Maladie de Menière
| Maladie de Menière | |
| Classification et ressources externes | |
| oreille interne | |
| CIM-10 | H81.0 |
|---|---|
| CIM-9 | 386.0 |
| OMIM | 156000 |
| DiseasesDB | 8003 |
| MedlinePlus | 000702 |
| eMedicine | emerg/308 |
| MeSH | D008575 |
La maladie de Menière (ou maladie de Ménière) est une affection de l'oreille interne.
Elle réalise une entité clinique caractérisée par :
- la triade symptomatique associant vertiges vrais (sensations rotatoire), acouphènes et surdité, ces deux symptômes étant fluctuants dans le temps.
- une lésion endolabyrinthique ;
- une altération de la circulation labyrinthique aboutissant à une modification de pression des liquides labyrinthiques.
Sommaire |
Historique [modifier]
Contrairement à ce qui peut parfois être lu, Prosper Menière n’a pas décrit la maladie qui porte son nom, mais une forme déficitaire d’atteinte vasculaire de l’oreille interne. Son mémoire, resté célèbre, montrait d’une façon indiscutable (car avec une analyse histologique) le rôle de l’oreille interne dans certains vertiges, permettant ainsi de différencier les vertiges périphériques de ceux d’origine centrale, seule cause admise avant lui. Ce n’est qu’en 1874 que Jean-Martin Charcot décrira une maladie de l’oreille interne, associant une triade Vertige, Acouphène et Surdité, qu’il dédiera à son collègue[1].

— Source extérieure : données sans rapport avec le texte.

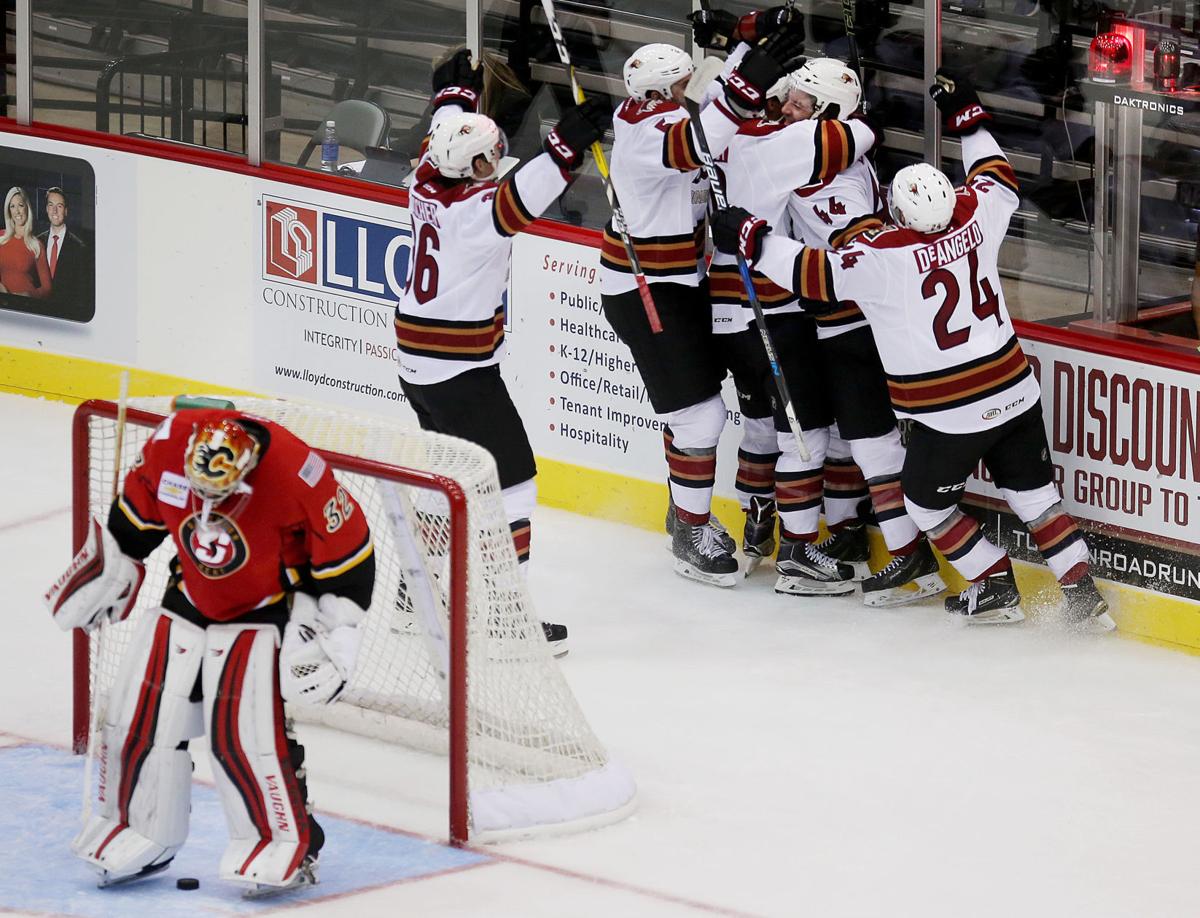 Tucson Roadrunners vs. Stockton Heat hockey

Le système du labyrinthe et sa circulation sont identifiés en 1927[2].
En 1927, le premier traitement chirurgical, par ouverture du sac endolymphatique, est proposé[3]. L'hypothèse d'un déséquilibre entre secrétion et réabsorbtion du liquide est émise en 1943[4].
Épidémiologie [modifier]
La prévalence est estimée d'un peu moins de 50 cas par 100 000 habitants[5].
Il semble exister une discrète prédominance féminine[5]. Elle est plus fréquente chez les personnes de type européen[5]. L’âge de survenue est, en général, compris entre 40 et 60 ans. Avant 20 ans, la maladie de Menière est rare. Les formes familiales ne sont pas rares[5], ce qui laisse suspecter une cause génétique[6]. De même, la maladie semble associée avec le groupe HLA A2[7].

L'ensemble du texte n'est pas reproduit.